This article was originally published on ETFTrends.com.
A natural gas glut could be brewing in Europe as suppliers are not looking to scale back on deliveries of the commodity anytime soon. As such, natural gas prices could fall to their lowest level in over 10 years.
“In September, gas storage sites in northern Europe will be full, increasing the risk of a further downside in prices,” said Niek van Kouteren, a senior trader at PZEM, a Dutch energy company. “Under a certain price, producers would be forced to extract less gas. But at the same time, big suppliers such as Russia” are trying to increase market share.
Norbert Ruecker, head of economics at Julius Baer Group Ltd., said the only way to stem this tide of inundation in natural gas supplies is to scale back flows from Russia or Norway. Per a Bloomberg report, “Russian energy giant Gazprom PJSC said last week that its exports to Europe will decline to 192 billion cubic meters this year, 4.5% lower than the record-high volumes in 2018. Its average gas price is also expected to fall 13% in comparison what it recorded last year.”
“When we have an opportunity, we make extra sales,” Mikhail Malgin, deputy department head at Gazprom Export, said on a conference call with analysts last week. “The market share per se is not our goal but rather a consequence of our actions”
UNG seeks to reflect the daily changes in percentage terms of the price of natural gas delivered at the Henry Hub, Louisiana, as measured by the daily changes in the price of a specified short-term futures contract. The fund invests primarily in futures contracts for natural gas that are traded on the NYMEX, ICE Futures Europe and ICE Futures U.S. (together, “ICE Futures”) or other U.S. and foreign exchanges.
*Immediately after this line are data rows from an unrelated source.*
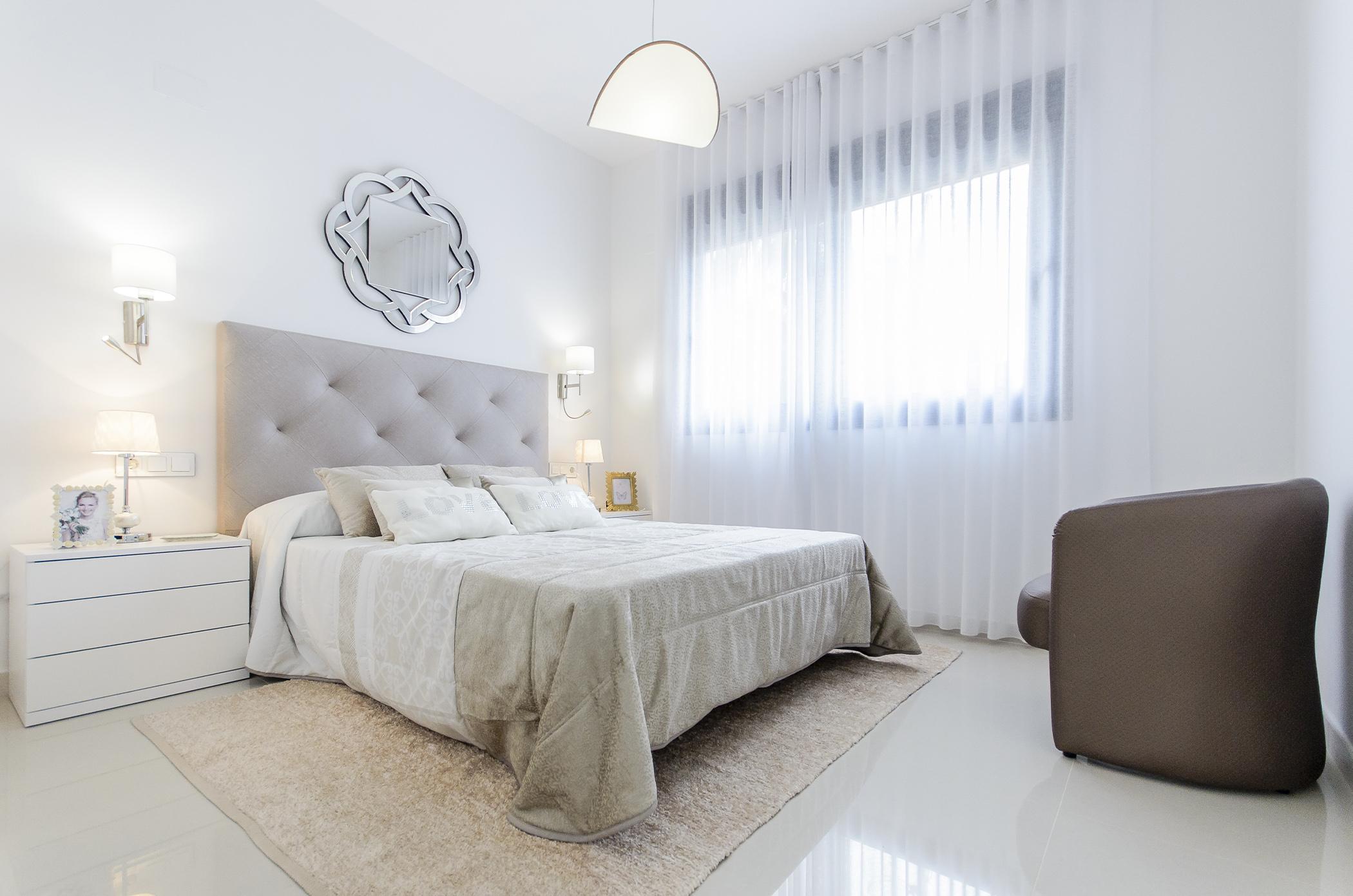 Master bedroom in new-build villa in Bellavista, San Miguel de Salinas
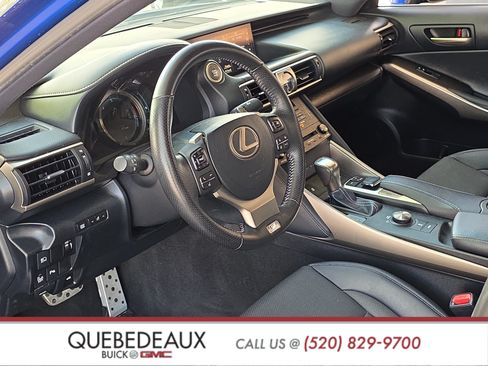 Used 2019 Lexus IS 300 F Sport w/ F Sport Package RWD image 7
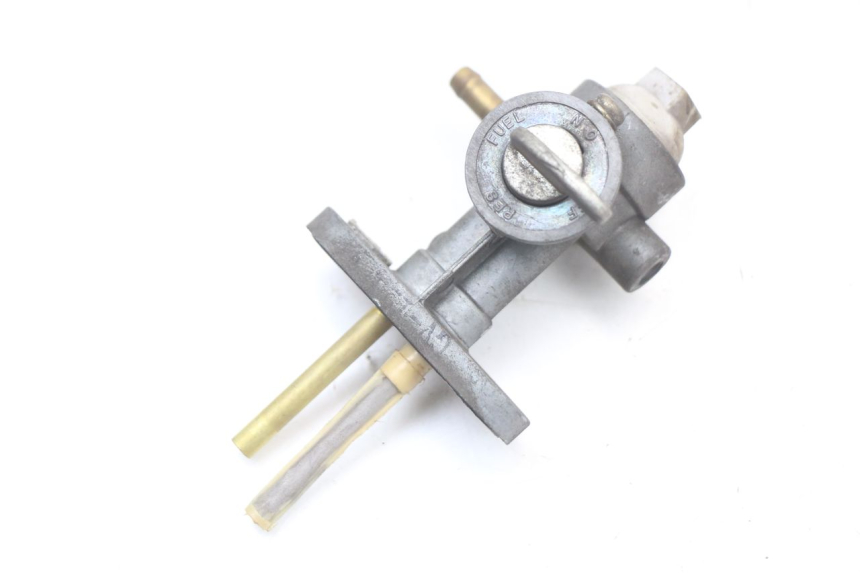 photo de TANKHAHN HYOSUNG GV AQUILA 125 (2000 - 2009) - Zoom auf Gebrauchszustand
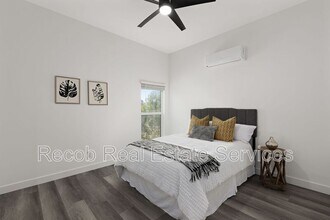 1704-1710 Hanford Dr in San Diego, CA - Building Photo - Building Photo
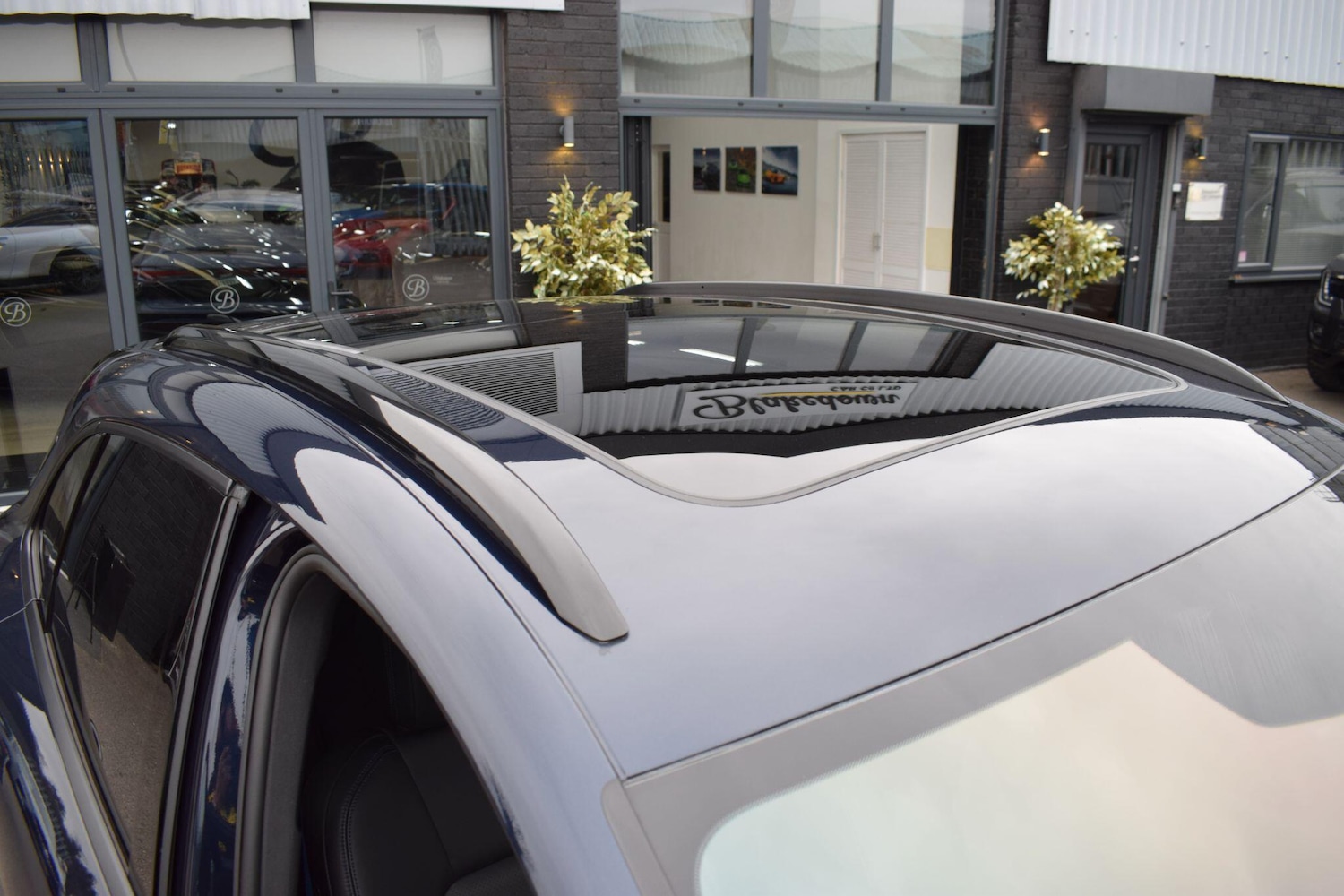 Used Porsche Macan 2021 for sale - 77892372: Photo 42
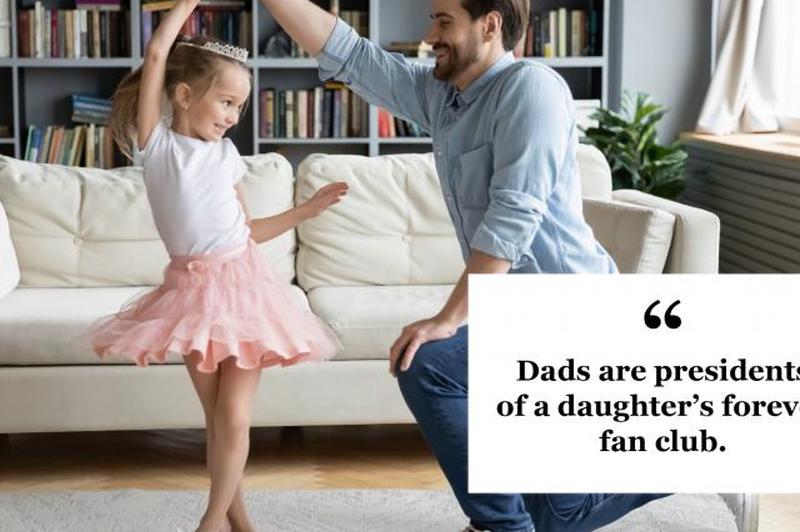 Отец поощряет дочь своим выступлением балерины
The Benchmark Futures Contract is the futures contract on natural gas as traded on the New York Mercantile Exchange that is the near month contract to expire, except when the near month contract is within two weeks of expiration.
For traders looking for leverage, UGAZ seeks to replicate, net of expenses, three times the performance of the S&P GSCI Natural Gas Index ER. The index comprises futures contracts on a single commodity and is calculated according to the methodology of the S&P GSCI Index.